● DATA FOR THIS TASK:
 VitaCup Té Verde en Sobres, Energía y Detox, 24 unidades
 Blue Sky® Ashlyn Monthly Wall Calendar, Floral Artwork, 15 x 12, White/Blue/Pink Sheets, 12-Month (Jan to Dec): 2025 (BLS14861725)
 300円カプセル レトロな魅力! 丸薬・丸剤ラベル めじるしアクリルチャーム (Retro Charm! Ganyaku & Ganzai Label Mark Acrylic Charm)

--

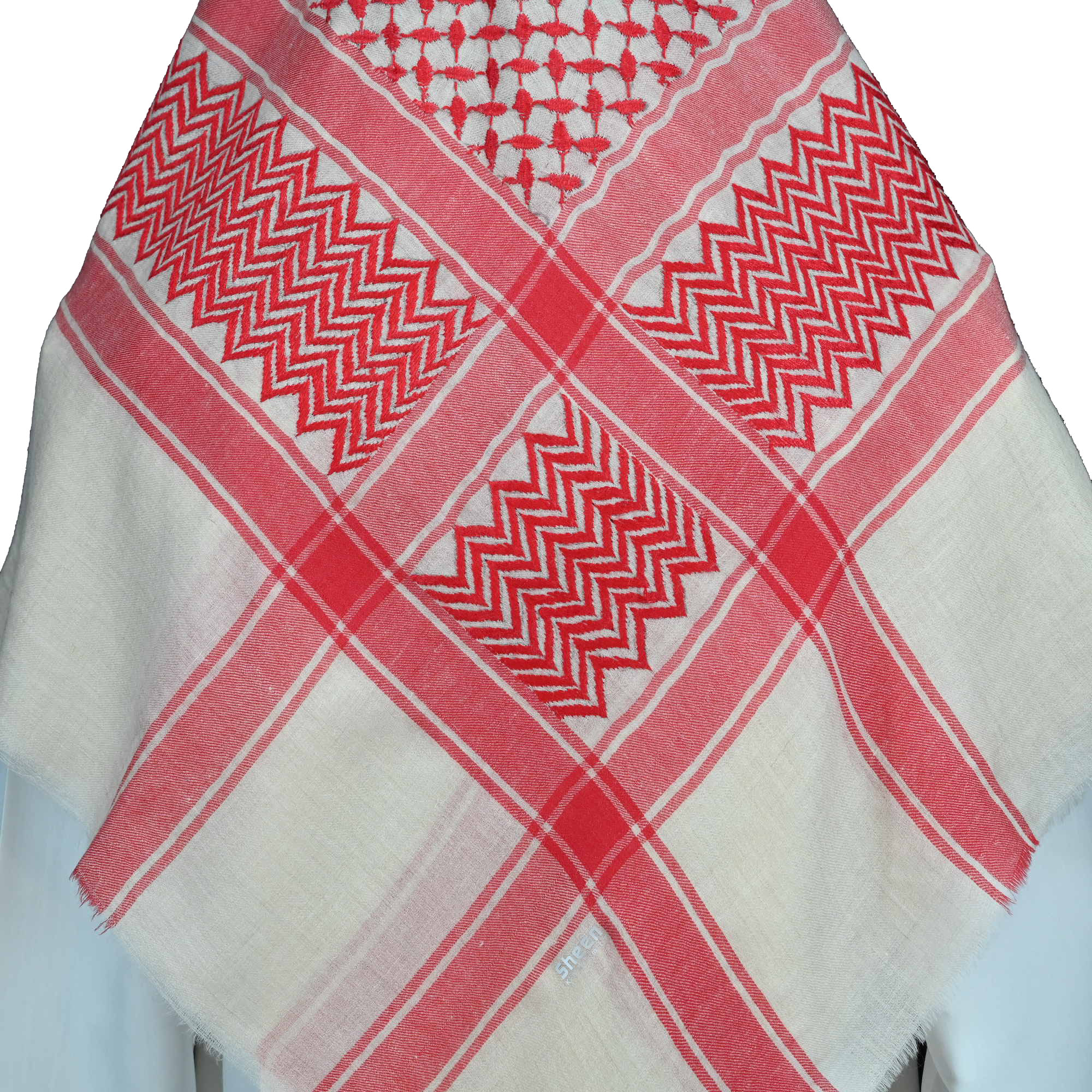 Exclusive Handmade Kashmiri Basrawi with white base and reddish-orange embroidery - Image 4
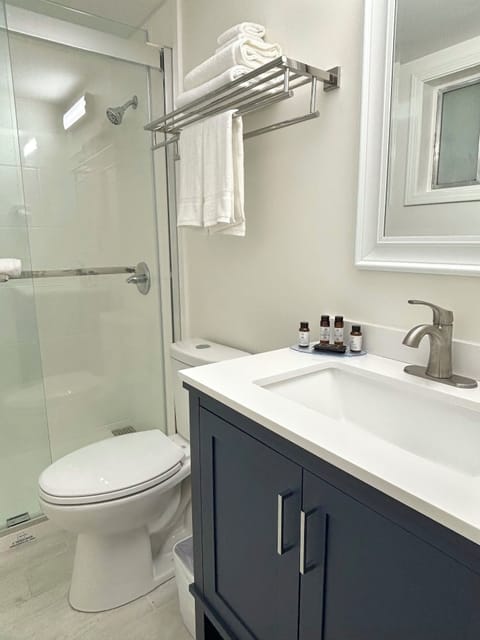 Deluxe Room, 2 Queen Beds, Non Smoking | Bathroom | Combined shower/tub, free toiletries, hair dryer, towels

--

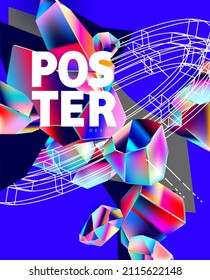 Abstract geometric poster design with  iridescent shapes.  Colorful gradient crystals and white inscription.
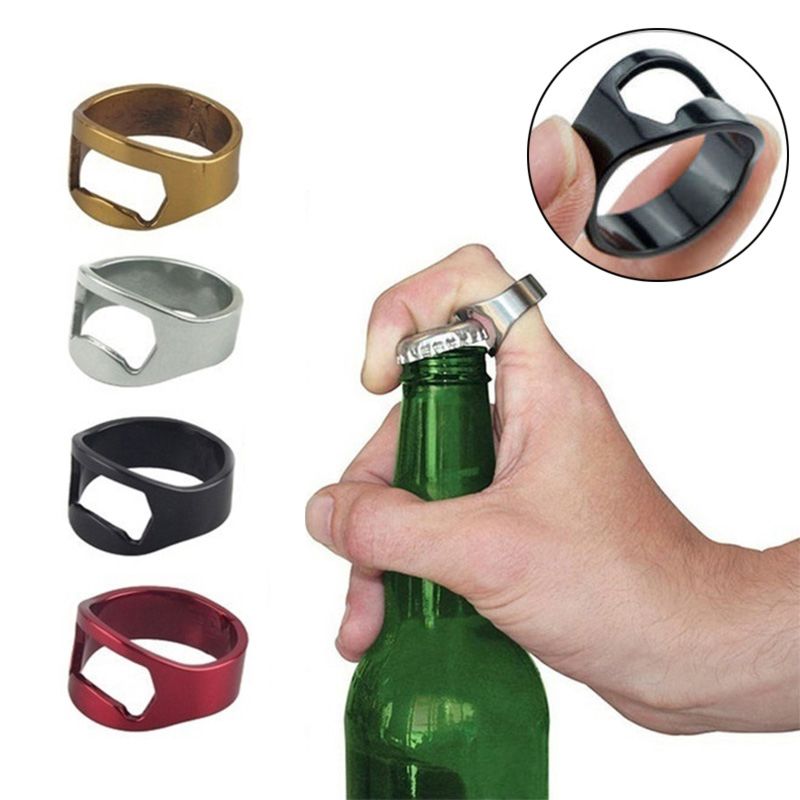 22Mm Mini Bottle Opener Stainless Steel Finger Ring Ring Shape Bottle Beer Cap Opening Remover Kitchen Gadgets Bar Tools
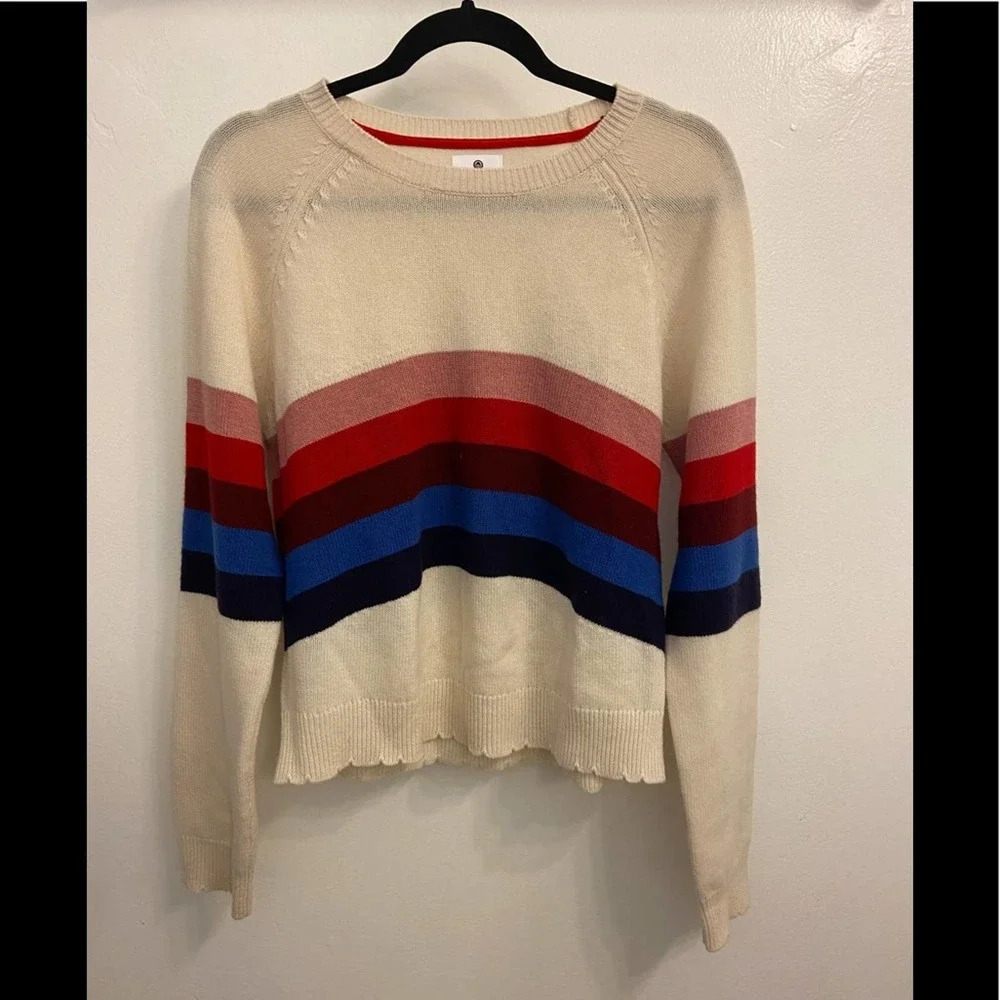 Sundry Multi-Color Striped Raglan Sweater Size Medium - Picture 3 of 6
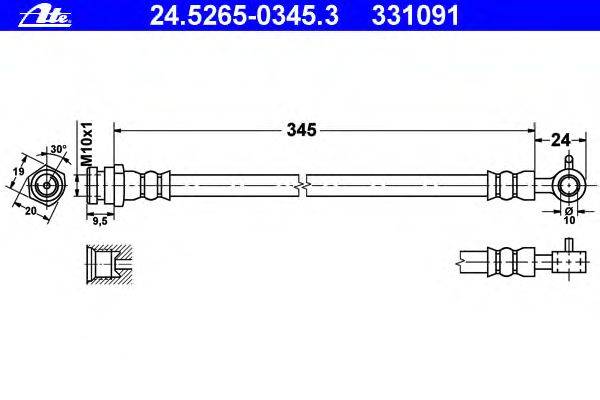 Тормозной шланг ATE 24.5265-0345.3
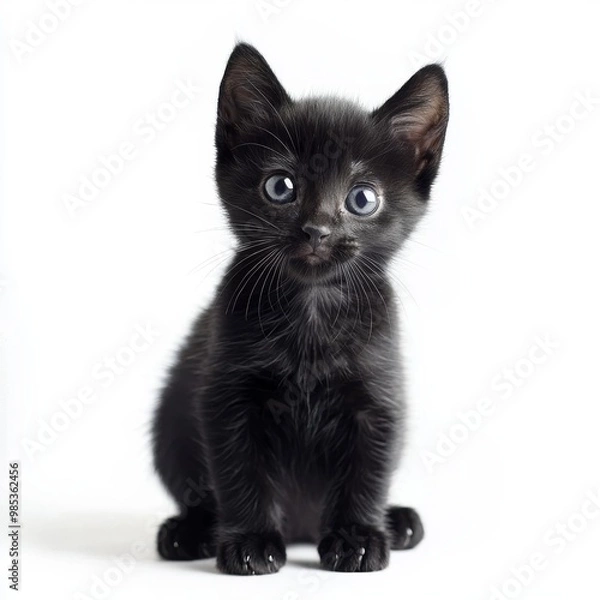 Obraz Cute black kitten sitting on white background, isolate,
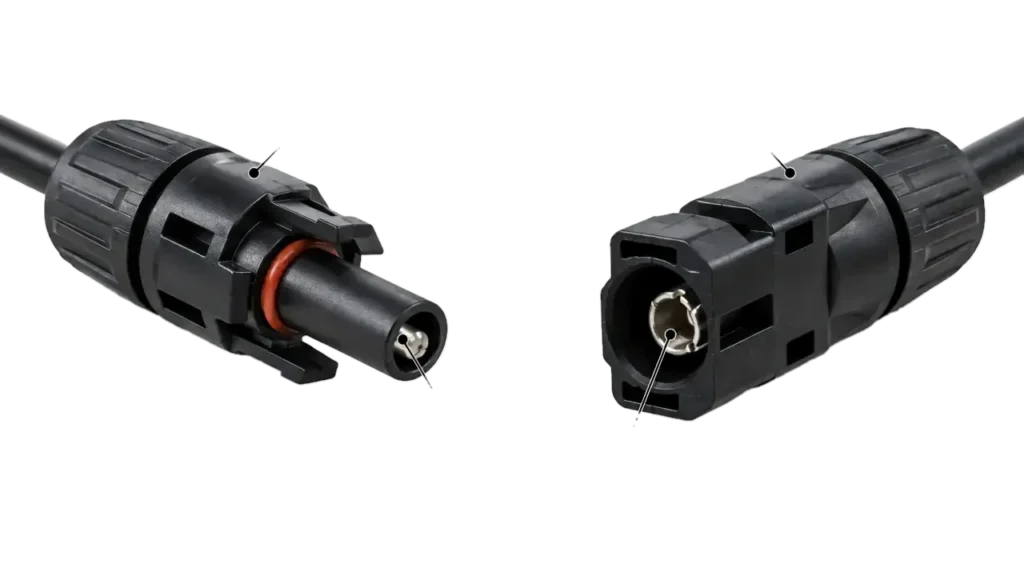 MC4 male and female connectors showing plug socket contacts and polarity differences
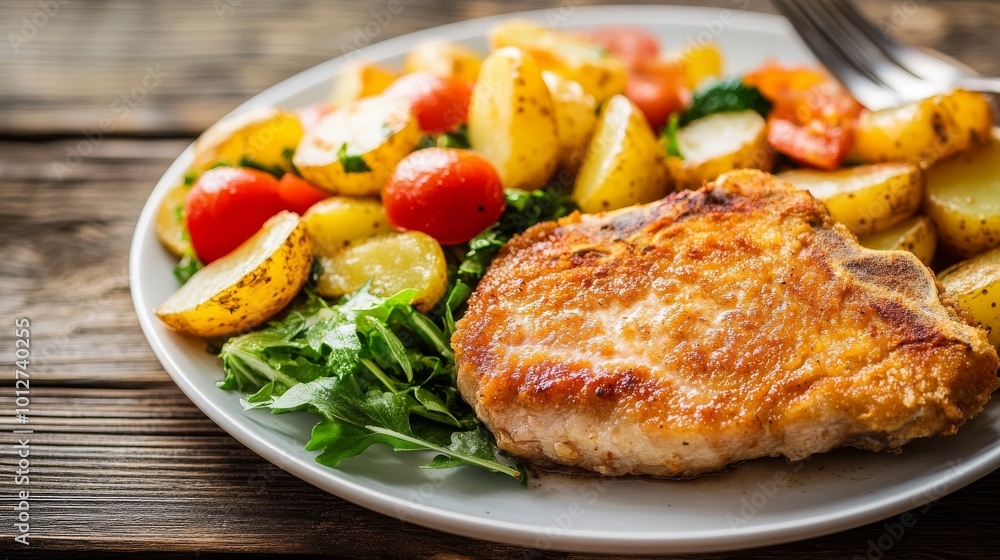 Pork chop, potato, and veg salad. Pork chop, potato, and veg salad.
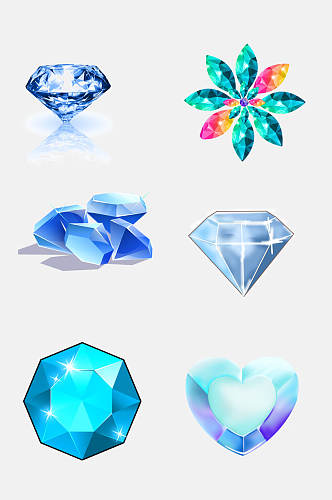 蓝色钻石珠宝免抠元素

● WHAT IS EXPECTED: Make an exact copy of the lines above, beginning with the line with "Exclusive Handmade Kashmiri" and ending with the line with "Deluxe Room, 2", and keep the pictures out of it.

● FINISHED EXERCISE:
 Exclusive Handmade Kashmiri Basrawi with white base and reddish-orange embroidery - Image 4
 Deluxe Room, 2 Queen Beds, Non Smoking | Bathroom | Combined shower/tub, free toiletries, hair dryer, towels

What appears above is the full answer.